Training a SFNO on the spherical Shallow Water equations

Using the small Spherical Shallow Water Equations example we ship with the package to train a Spherical Fourier-Neural Operator (SFNO).

This tutorial demonstrates how to train neural operators on spherical domains, which is crucial for many geophysical applications like weather prediction, ocean modeling, and climate science.

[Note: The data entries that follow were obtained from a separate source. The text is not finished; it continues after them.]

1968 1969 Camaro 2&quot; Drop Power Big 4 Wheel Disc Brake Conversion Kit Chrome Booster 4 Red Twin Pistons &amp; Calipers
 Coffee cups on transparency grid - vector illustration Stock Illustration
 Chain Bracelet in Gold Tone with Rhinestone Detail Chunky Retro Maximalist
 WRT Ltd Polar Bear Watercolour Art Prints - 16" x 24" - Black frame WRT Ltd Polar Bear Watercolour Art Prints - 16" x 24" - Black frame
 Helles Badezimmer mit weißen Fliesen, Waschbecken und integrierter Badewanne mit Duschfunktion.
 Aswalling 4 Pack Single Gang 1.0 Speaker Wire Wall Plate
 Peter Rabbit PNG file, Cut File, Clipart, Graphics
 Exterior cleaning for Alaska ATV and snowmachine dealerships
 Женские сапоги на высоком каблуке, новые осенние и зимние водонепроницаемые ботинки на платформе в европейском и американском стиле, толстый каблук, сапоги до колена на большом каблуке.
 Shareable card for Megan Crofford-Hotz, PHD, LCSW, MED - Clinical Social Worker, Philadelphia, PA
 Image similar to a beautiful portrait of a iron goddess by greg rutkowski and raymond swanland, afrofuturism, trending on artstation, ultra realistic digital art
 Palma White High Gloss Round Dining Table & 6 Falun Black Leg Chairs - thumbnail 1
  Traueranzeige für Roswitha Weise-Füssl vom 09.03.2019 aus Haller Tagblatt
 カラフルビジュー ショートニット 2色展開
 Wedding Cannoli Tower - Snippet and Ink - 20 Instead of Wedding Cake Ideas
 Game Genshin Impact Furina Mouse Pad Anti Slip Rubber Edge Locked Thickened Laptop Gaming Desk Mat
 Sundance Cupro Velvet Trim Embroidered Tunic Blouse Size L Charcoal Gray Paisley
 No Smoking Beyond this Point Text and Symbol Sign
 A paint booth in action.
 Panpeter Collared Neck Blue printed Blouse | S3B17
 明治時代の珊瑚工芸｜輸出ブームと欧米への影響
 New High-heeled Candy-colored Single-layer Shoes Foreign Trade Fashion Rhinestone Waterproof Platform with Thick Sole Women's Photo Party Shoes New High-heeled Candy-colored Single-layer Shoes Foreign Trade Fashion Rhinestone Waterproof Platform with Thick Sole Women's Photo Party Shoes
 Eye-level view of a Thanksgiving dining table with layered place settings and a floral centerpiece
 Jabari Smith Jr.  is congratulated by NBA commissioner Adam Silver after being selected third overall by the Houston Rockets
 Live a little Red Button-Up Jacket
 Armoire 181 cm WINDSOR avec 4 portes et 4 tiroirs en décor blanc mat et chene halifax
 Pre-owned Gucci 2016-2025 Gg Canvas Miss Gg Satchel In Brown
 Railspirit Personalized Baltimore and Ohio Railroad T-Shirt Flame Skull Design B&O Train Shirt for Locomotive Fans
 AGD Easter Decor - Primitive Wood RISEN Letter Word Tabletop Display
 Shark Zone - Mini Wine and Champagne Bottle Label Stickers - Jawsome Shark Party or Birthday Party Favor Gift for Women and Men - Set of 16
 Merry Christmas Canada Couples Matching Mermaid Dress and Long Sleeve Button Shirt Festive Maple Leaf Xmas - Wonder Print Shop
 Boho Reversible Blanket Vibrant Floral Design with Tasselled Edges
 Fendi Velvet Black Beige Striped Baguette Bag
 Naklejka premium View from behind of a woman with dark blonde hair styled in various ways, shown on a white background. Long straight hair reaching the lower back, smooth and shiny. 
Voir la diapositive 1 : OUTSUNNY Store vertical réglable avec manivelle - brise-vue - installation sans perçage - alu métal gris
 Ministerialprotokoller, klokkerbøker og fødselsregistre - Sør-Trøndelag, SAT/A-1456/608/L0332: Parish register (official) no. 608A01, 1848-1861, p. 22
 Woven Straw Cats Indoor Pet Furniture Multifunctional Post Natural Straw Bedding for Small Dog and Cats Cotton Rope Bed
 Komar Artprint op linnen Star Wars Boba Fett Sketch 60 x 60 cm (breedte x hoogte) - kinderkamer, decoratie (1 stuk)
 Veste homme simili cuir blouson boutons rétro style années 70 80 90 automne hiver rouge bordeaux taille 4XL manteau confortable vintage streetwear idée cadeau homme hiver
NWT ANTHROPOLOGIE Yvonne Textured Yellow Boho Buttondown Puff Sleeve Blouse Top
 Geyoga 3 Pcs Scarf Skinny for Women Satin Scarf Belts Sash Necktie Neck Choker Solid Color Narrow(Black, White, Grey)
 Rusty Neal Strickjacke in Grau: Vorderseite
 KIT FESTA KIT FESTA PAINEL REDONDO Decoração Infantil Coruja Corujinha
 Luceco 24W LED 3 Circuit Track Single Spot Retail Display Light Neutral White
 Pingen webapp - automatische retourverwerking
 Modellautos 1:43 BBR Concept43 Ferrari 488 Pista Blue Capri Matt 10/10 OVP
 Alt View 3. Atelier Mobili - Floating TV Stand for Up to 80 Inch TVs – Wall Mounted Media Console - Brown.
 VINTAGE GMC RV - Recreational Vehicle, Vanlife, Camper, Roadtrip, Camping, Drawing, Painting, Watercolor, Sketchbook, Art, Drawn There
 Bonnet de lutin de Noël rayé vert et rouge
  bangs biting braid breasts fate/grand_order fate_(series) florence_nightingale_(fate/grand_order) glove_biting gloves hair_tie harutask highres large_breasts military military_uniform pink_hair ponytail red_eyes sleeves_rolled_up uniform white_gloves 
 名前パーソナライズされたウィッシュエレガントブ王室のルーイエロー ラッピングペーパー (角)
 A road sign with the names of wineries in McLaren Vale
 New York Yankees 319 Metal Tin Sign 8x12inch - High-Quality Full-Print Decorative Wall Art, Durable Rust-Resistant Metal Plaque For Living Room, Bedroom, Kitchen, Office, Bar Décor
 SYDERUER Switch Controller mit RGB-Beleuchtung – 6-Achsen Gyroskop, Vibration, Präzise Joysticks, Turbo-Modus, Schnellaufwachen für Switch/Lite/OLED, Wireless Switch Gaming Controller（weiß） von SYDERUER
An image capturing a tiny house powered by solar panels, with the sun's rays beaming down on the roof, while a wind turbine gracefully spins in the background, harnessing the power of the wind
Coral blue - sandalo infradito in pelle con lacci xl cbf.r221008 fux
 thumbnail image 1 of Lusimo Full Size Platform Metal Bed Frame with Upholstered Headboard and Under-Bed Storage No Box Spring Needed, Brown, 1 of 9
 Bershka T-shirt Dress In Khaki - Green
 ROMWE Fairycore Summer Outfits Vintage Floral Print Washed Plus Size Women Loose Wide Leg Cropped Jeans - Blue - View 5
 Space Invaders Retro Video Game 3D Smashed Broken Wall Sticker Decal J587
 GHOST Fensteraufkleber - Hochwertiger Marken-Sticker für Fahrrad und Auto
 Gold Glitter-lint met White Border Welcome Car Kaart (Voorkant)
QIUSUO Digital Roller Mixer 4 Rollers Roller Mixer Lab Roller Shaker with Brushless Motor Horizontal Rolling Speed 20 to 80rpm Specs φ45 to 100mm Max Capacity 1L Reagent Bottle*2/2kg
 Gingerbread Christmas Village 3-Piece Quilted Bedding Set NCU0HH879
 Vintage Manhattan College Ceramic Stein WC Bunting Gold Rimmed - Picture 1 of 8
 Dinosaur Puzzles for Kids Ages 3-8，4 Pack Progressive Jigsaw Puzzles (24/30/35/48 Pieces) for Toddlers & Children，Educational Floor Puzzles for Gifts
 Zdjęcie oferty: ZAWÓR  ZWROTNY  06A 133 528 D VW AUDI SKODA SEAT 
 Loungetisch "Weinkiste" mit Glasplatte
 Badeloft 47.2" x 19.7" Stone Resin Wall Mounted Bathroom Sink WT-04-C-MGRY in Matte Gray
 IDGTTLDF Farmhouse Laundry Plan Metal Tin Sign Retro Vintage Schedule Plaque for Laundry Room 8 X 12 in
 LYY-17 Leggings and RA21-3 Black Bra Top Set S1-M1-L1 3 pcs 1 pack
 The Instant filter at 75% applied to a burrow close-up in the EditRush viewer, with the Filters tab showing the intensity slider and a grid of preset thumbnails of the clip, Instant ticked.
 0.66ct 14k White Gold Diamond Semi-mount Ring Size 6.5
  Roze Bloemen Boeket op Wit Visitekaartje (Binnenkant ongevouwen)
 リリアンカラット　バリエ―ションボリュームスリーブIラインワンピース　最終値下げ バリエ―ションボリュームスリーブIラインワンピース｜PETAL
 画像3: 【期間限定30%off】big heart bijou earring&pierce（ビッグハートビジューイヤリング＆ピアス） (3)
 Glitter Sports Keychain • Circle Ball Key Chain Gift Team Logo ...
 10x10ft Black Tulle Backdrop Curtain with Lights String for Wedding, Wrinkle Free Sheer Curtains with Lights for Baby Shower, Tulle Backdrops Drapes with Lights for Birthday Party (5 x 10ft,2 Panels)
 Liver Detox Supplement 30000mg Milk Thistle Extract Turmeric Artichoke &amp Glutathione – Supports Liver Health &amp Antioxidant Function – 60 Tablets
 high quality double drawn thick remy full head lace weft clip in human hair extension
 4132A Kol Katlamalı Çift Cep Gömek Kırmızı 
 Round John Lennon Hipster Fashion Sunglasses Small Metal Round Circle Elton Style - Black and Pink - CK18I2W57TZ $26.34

The SFNO extends the FNO architecture to handle data on the sphere using spherical harmonics instead of regular Fourier modes.

The Shallow Water Equations describe the motion of a thin layer of fluid and are fundamental in atmospheric and oceanic dynamics.

Import dependencies

We import the necessary modules for training a Spherical Fourier Neural Operator

import torch
import matplotlib.pyplot as plt
import sys
from neuralop.models import SFNO
from neuralop import Trainer
from neuralop.training import AdamW
from neuralop.data.datasets import load_spherical_swe
from neuralop.utils import count_model_params
from neuralop import LpLoss, H1Loss

device = torch.device("cuda:0" if torch.cuda.is_available() else "cpu")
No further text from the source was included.